Да, разум для него не только объективная фикция, вне нас существующий и нам навязанный мираж, но и субъективное заблуждение. А стало быть, персональный грех. А если быть совсем точным в следовании его мысли, грех против персоны. Быть «разумным», по Мамлееву, означает грешить против собственной личности, единственной истины, которая нам открыта. Потому что, разумеется, если есть заблуждение, то есть и критерий истинного, позволяющий это заблуждение выявить и уничтожить. Личность, вернее, интимное, неопределимое чувство «я», непередаваемый вкус самобытия и есть этот критерий, не поддающийся анализу и расшифровке залог парадоксального духа внутри нас.
Здесь наступает кульминация вызова, который Мамлеев бросил реальности своим учением и своим творчеством. Здесь оппозиция писателя по отношению к реальности вступает в третью, завершающую фазу: религия Я. Не будучи профессиональным философом, Мамлеев не довел до конца отчетливую экспозицию своего учения. Вряд ли здесь уместно делать это за него. Тем не менее несколько слов сказать необходимо.
Подлинный дух, который у Мамлеева предстает в параллельных и для него синонимических определениях то как «трансцендентность», то как «абсолютное постороннее» то, наконец, просто как «потустороннее» в самом глобальном и радикальном смысле, все же имеет свой знак, свое представительство в актуальном существовании. Это — субъективное начало, по принципу ускользающего от всякого определения, от всякой попытки умопостижения. Его специфика в том, что, с одной стороны, оно совершенно внеразумно, с другой же — составляет самое интимное ядро внутреннего опыта. Оно находится «здесь» и «теперь», оно окрашивает своим неопределимым присутствием всю актуальность, вместе с тем будучи носителем «абсолютно постороннего», залогом того, что это непересекающееся с бытием постороннее подлинно реально. Только исходя из присущего нам субъективного начала мы можем претендовать на трансцендентную перспективу. Вкус «я», этой от всего отъединенной интимной автономности, вот тот стержень, на который нанизываются этапы самораскрытия духа. Только благодаря тайнам «я» дух, не умаляясь в своем качестве трансцендентного, не переставая быть абсолютно посторонним, осваивается нами, становится внутренним фактом нашего личного бытия; иными словами, благодаря «я» сугубо трансцендентное делается предметом личной реализации.

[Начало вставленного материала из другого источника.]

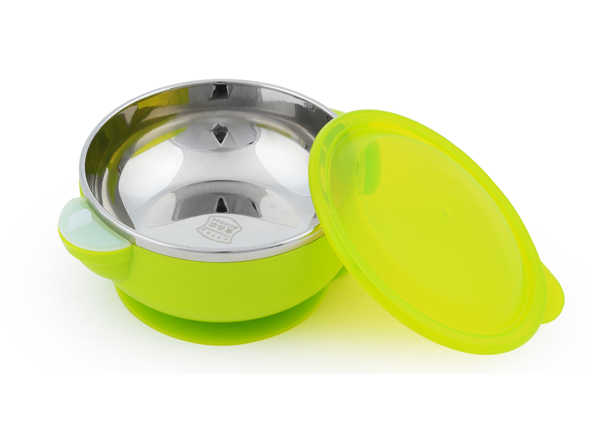 �������Ӳ��P䓱�����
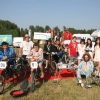Vaidavas kauss 2010 Raivo Ojaveer705
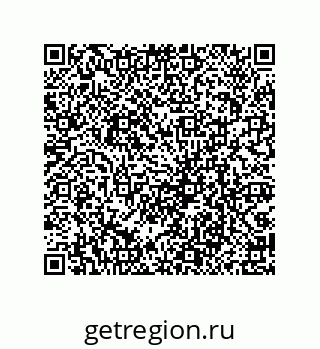 79069073766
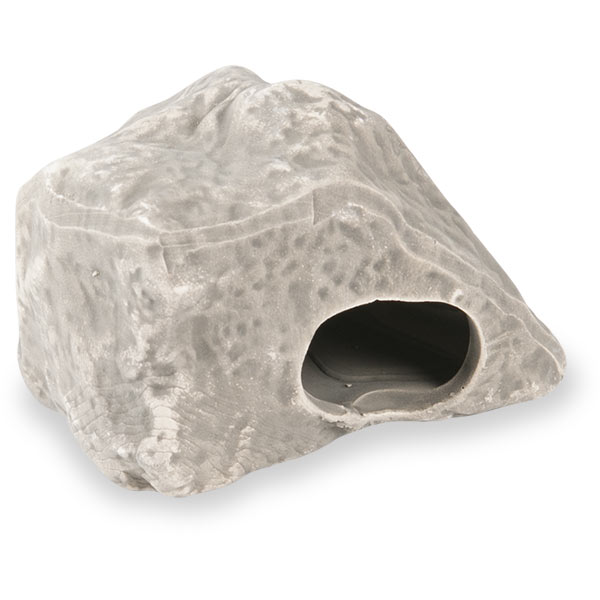 Underwater Galleries Cichlid Stones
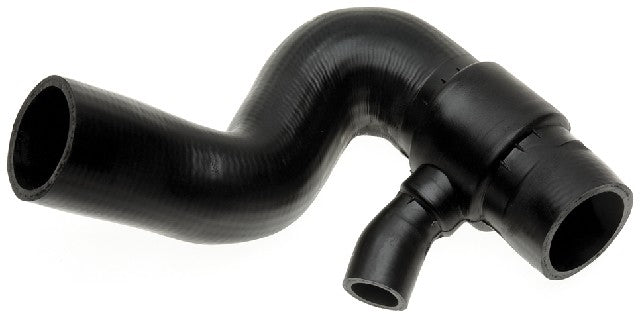 Air Intake Components Gates 26209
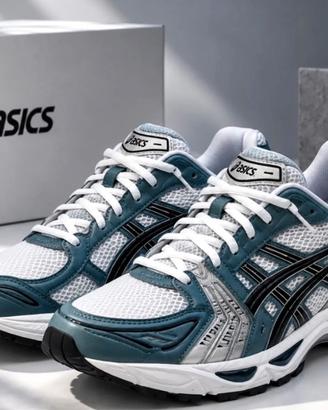 ASICS GEL-KAYANO 14 – NUOVE E SIGILLATE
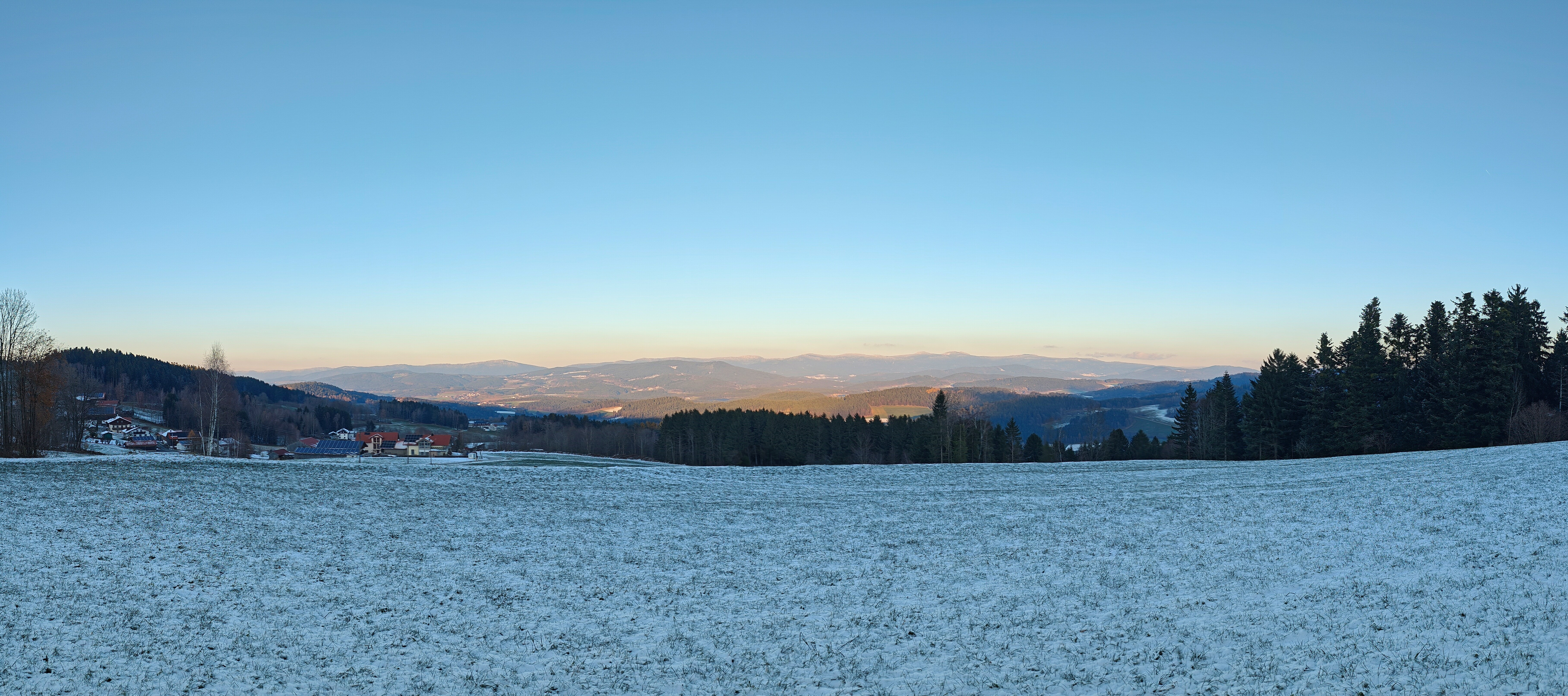 PANO 20251122 153714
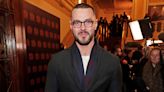 Matt Willis: 'I used six grammes of cocaine a day on my own after relapse on Busted Tour'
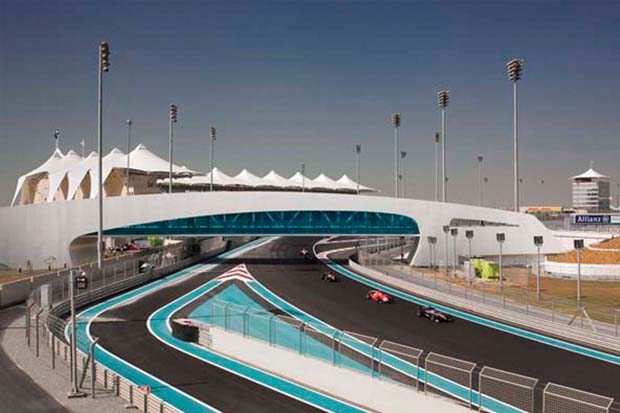 04_circuito-Abu Dhabi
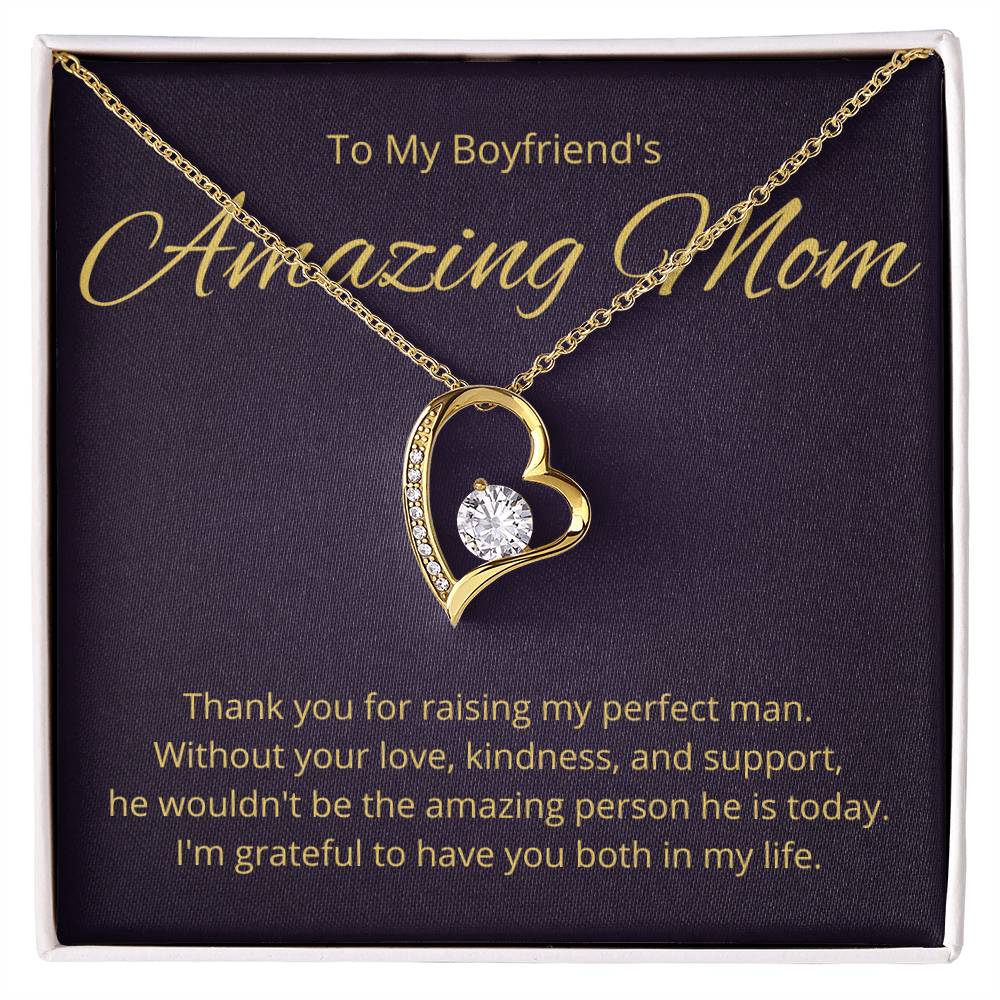 amazing momwife white background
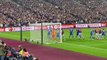 AZ Alkmaar vs West Ham United (0-1) _ All Goals _ Extended Highlights _  Europa Conference League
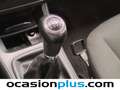 Mercedes-Benz A 180 180CDI Aut. Gris - thumbnail 5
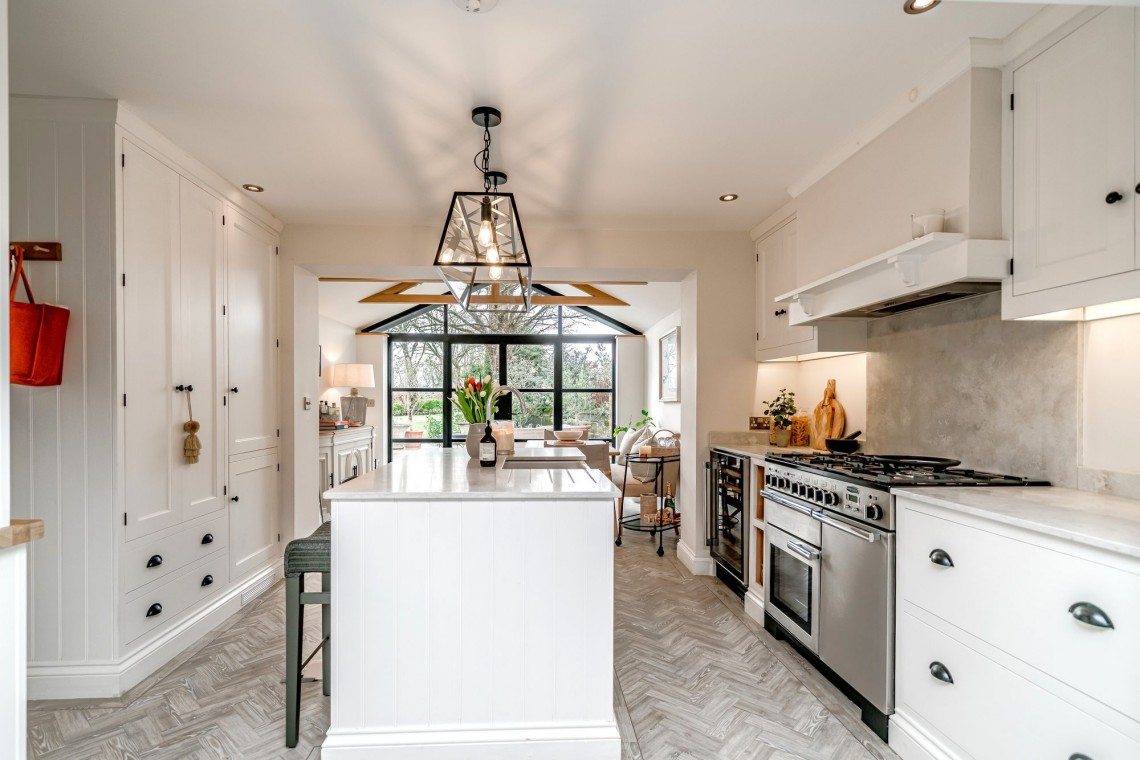 Images for Summerwood Lane, Halsall, L39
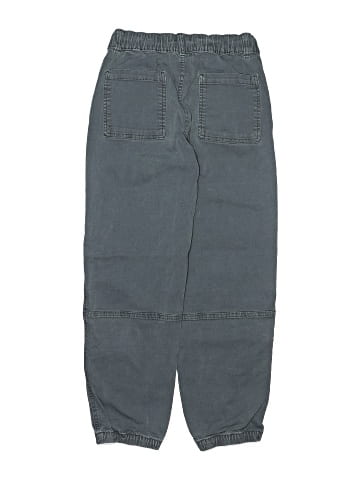 Zara Cargo Pants (view 2)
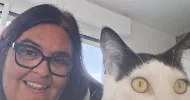 avatar petsitter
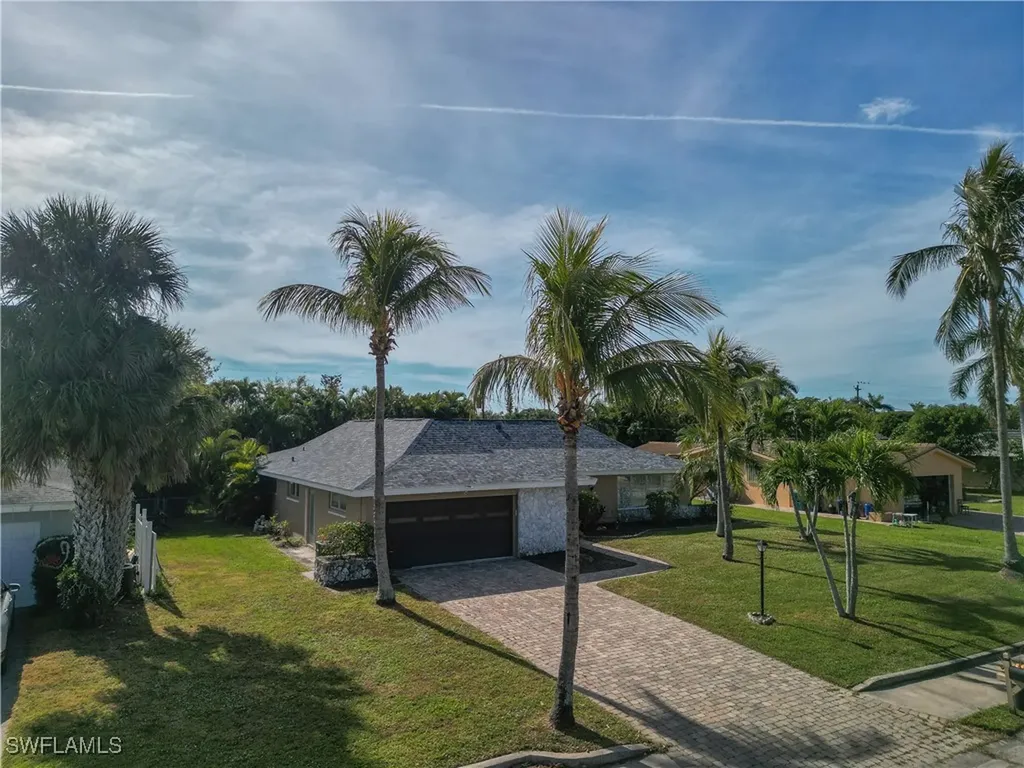 1450 Tanglewood Parkway Fort Myers FL 33919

Главный, специфически мамлеевский акцент этого — в его страшном нонконформизме, в полном отбрасывании объективного блага, «Вселенского Целого», в отказе от примирения с теологическим всеединством. Объективное — мертво, только субъективное живо. И центр жизни этого субъективного находится в том, что не здесь, в бесконечно дальнем, которое уже сейчас дано нам как чувство собственного «я», — вот смысл мамлеевского послания. Этот смысл делает мамлеевскую прозу явлением огромной важности, явлением совершенно уникальным, как в литературе русскоязычной, так и в литературе вообще. Инфернальная абсурдность жизни обнажается Мамлеевым с беспощадным и внимательным холодом и тут же сводится к своим истинным пропорциям, к тому, что она есть на самом деле: «существование несуществования», томная, незначительная тень, отбрасываемая великим и таинственным субъективным. Духовной элите необходим Мамлеев — разоблачитель разума, антигуманист, глашатай «абсолютно постороннего». И чем бы ни оборачивалось для него лично то «существование несуществования», в котором он ныне пребывает, источник его вдохновения всегда остается с нами.
От редакции. Эта статья Г. Д. Джемаля появилась в 1983 г. в качестве послесловия к подпольному изданию «Шатунов» Ю. В. Мамлеева. Публикуется впервые с согласия автора. Когда номер уже готовился к печати, редакция узнала о кончине Г. Д. Джемаля.